Your favorite ski getaway might lose the lights. Nevada’s largest utility just told 49,000 Lake Tahoe residents they’re getting disconnected in May 2027—not because the power grid failed, but because Google, Apple, and Microsoft need that electricity for their AI data centers instead.
The AI Energy Squeeze Hits Paradise
NV Energy, which supplies 75% of the electricity keeping South Lake Tahoe’s casinos humming and ski lifts running, announced it’s ending service to Liberty Utilities after their contract expires. The reason? Data centers in Northern Nevada are projected to demand 5,900 megawatts by 2033—enough to power roughly 4.4 million homes.
That’s a staggering jump from the 22% of Nevada’s electricity data centers consumed in 2024, potentially reaching 35% by decade’s end. The timing isn’t coincidental. Major tech companies have been building massive facilities at the Tahoe-Reno Industrial Center, creating what industry experts call “unprecedented” demand on the regional grid.

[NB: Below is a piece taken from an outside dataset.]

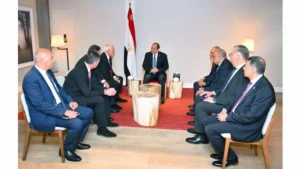 الرئيس السيسي يستقبل رئيس مجموعة "كوبولوزيس" اليونانية للكهرباء 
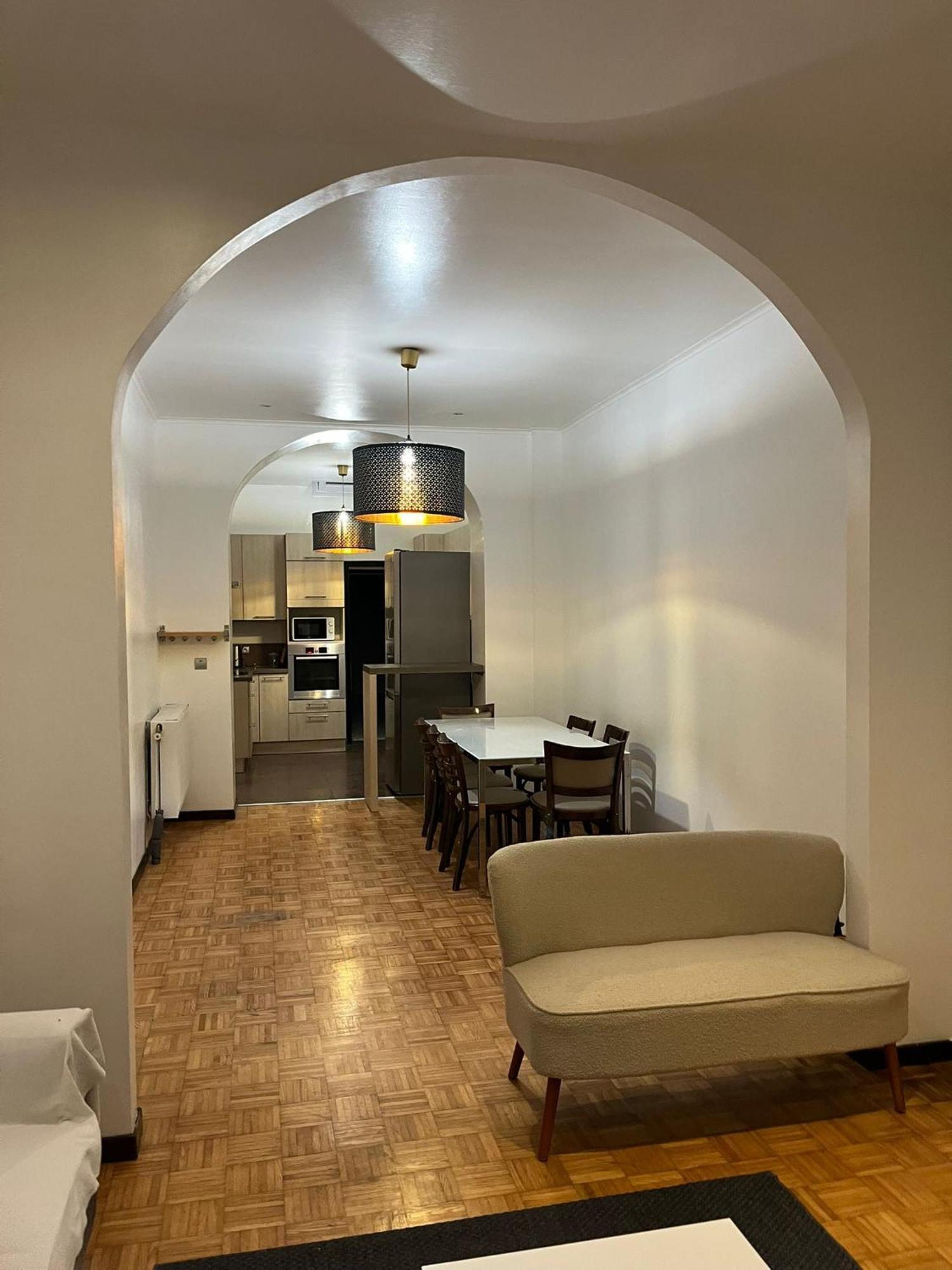 Midi Tracks Apartment *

Residents Pay the Price for Tech’s Appetite
Liberty Utilities customers already feel the squeeze in their wallets. Rates have jumped 100% over four years, with an 11.4% increase approved for 2025 adding roughly $37 monthly to average residential bills. That pain comes before the real uncertainty hits: finding replacement power in an increasingly competitive Western energy market.
“It’s like we don’t exist,” Danielle Hughes, CEO of local advocacy group Tahoe Spark, told Fortune. Hughes, who also supervises energy programs for the California Energy Commission, calls the situation “resource extraction” that ignores low-income residents and the area’s unique winter tourism demands.
Lake Tahoe sits in a “grid island” within Nevada’s system but serves California customers under California rate oversight, with federal authorities controlling wholesale transactions. The regulatory maze makes accountability nearly impossible.
David Meets Goliath in the Power Markets
Liberty plans a summer 2026 request for proposals to replace NV Energy’s supply, prioritizing California renewables and affordability. But they’re entering a market where data centers can outbid residential customers by massive margins, and transmission capacity remains limited despite the $4.2 billion Greenlink West line coming online alongside their deadline.
This isn’t just Tahoe’s problem—it’s a preview of how AI’s energy hunger reshapes communities nationwide. When your vacation destination can’t keep the lights on because ChatGPT needs more servers, the abstract promises of artificial intelligence suddenly feel very real.